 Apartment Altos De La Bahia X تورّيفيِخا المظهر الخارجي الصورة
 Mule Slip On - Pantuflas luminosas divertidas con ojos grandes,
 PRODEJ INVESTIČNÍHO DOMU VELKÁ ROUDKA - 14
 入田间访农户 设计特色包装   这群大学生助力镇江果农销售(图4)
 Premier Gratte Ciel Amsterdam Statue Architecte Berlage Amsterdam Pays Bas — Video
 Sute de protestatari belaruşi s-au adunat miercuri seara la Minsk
============================================================
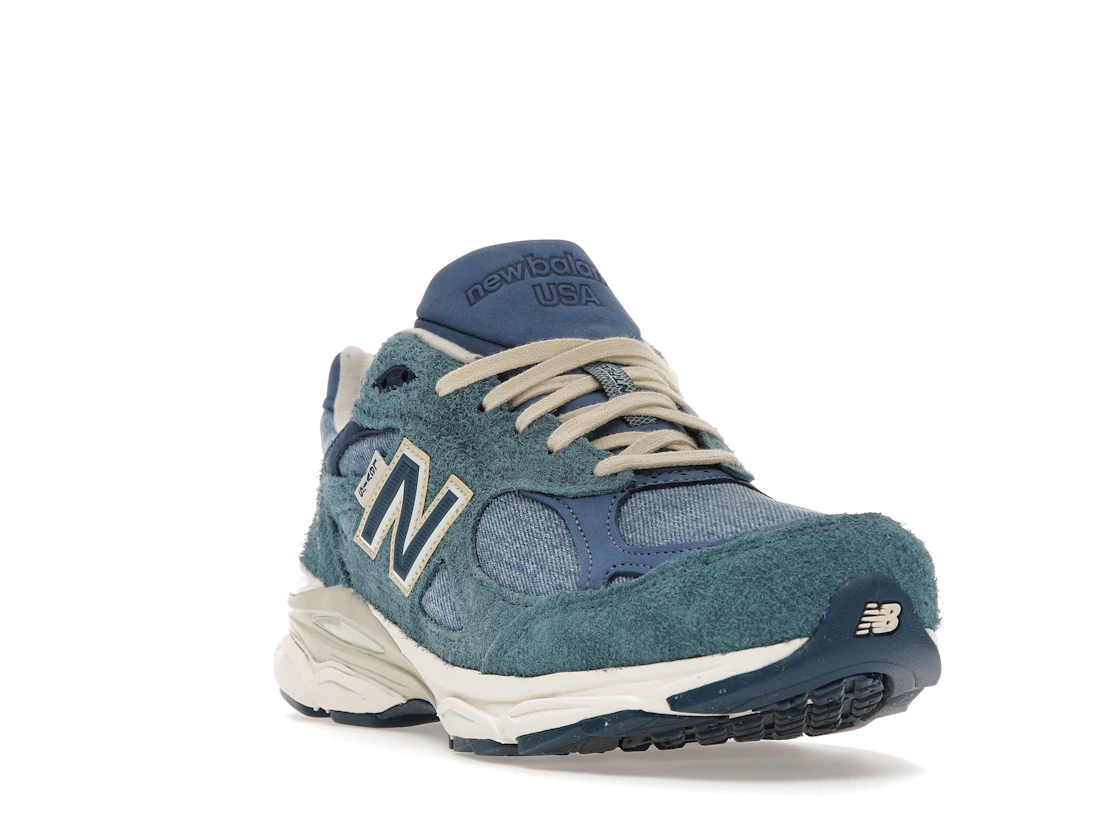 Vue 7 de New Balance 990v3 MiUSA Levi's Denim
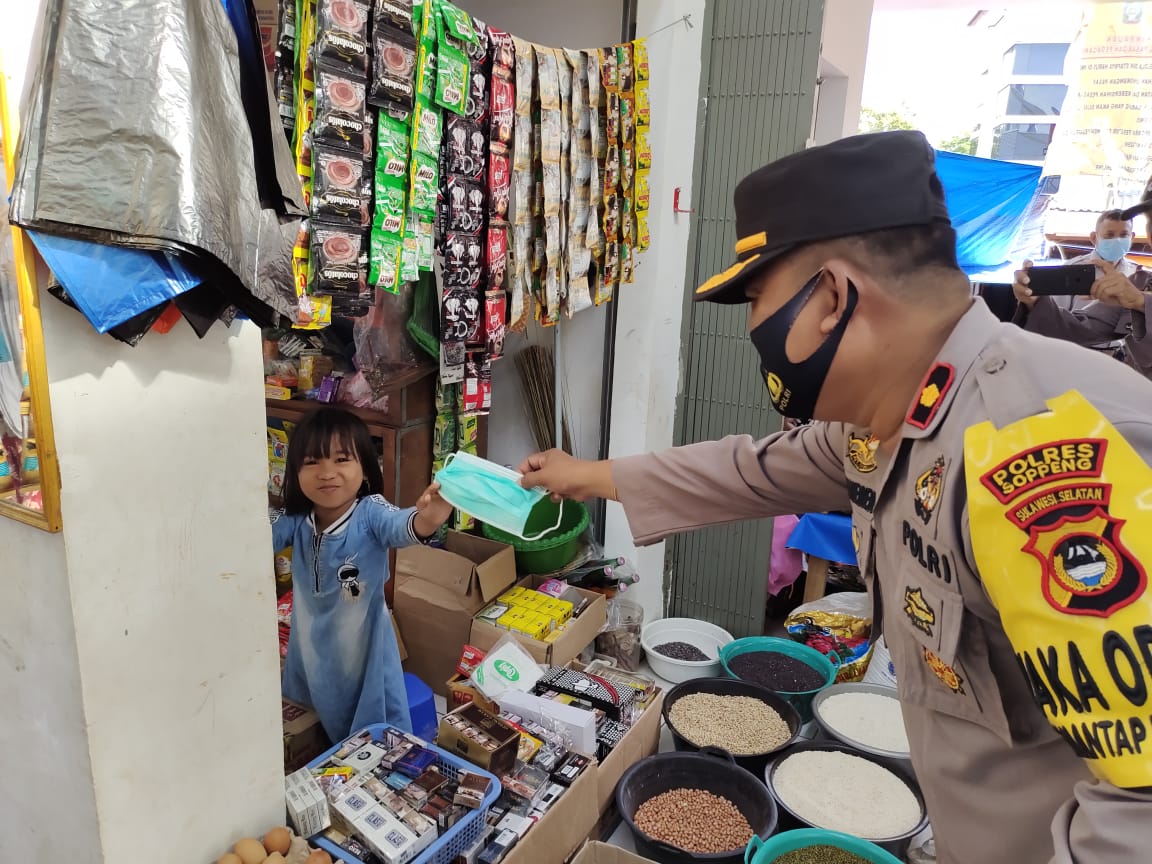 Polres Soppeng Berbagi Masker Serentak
============================================================
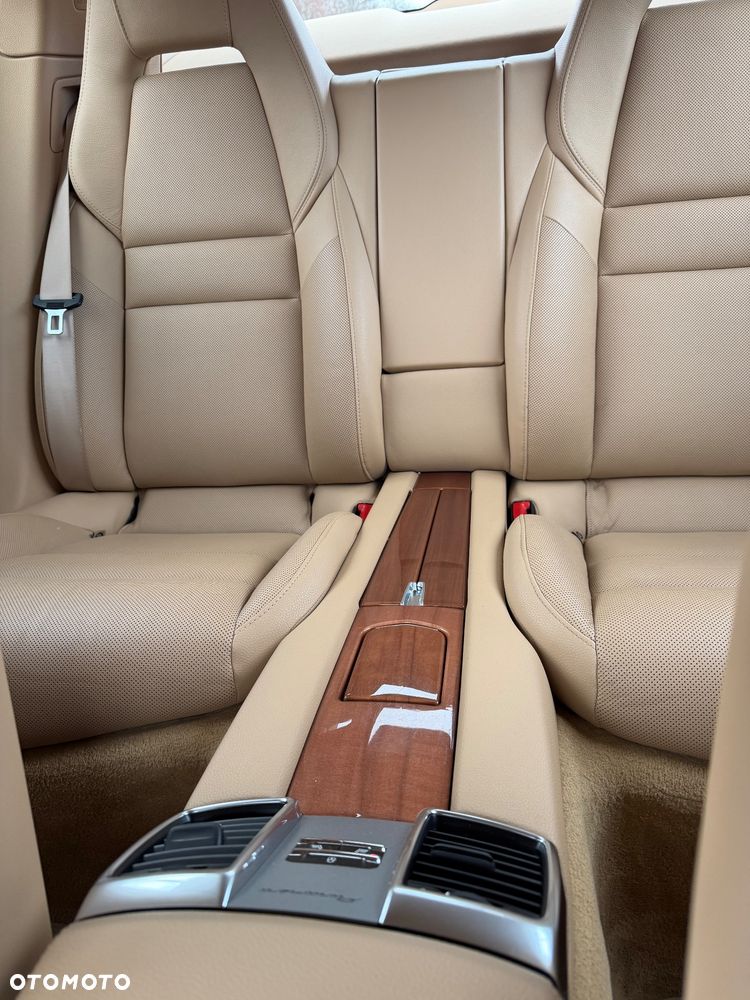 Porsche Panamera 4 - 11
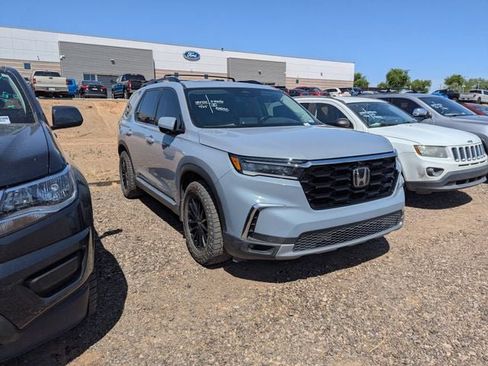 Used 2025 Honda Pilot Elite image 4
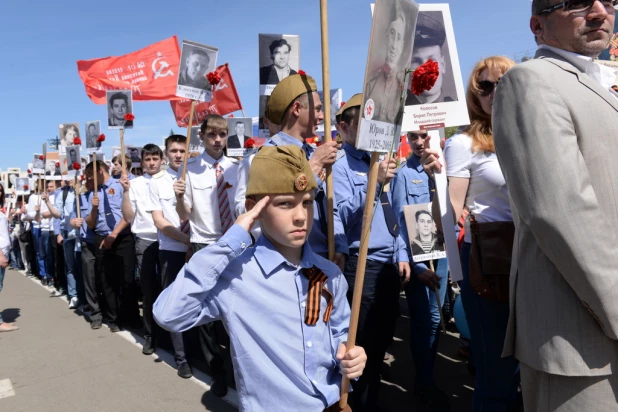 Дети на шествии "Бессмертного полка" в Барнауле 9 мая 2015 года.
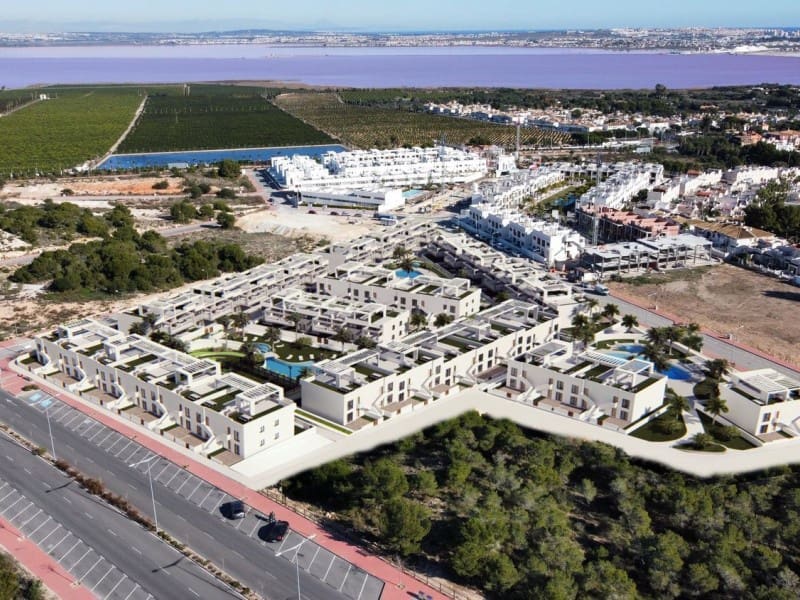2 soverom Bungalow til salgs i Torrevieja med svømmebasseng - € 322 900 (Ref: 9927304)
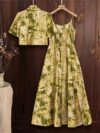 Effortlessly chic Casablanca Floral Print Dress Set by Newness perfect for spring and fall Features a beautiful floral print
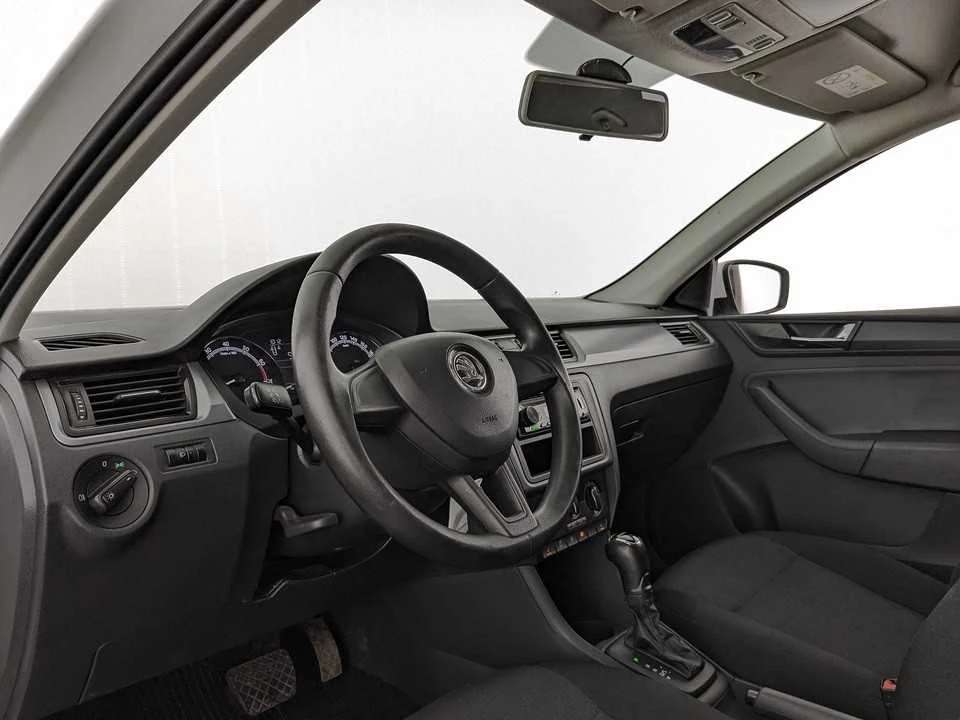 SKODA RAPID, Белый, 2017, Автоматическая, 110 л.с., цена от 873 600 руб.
============================================================
_Instructions to follow_
Working from the records above, write out verbatim only the lines from the line containing "入田间访农户 设计特色包装   这群大学生助力镇江果农销售(图4)" through the line containing "Sute de protestatari".

_Result for this exercise_
 入田间访农户 设计特色包装   这群大学生助力镇江果农销售(图4)
 Premier Gratte Ciel Amsterdam Statue Architecte Berlage Amsterdam Pays Bas — Video
 Sute de protestatari belaruşi s-au adunat miercuri seara la Minsk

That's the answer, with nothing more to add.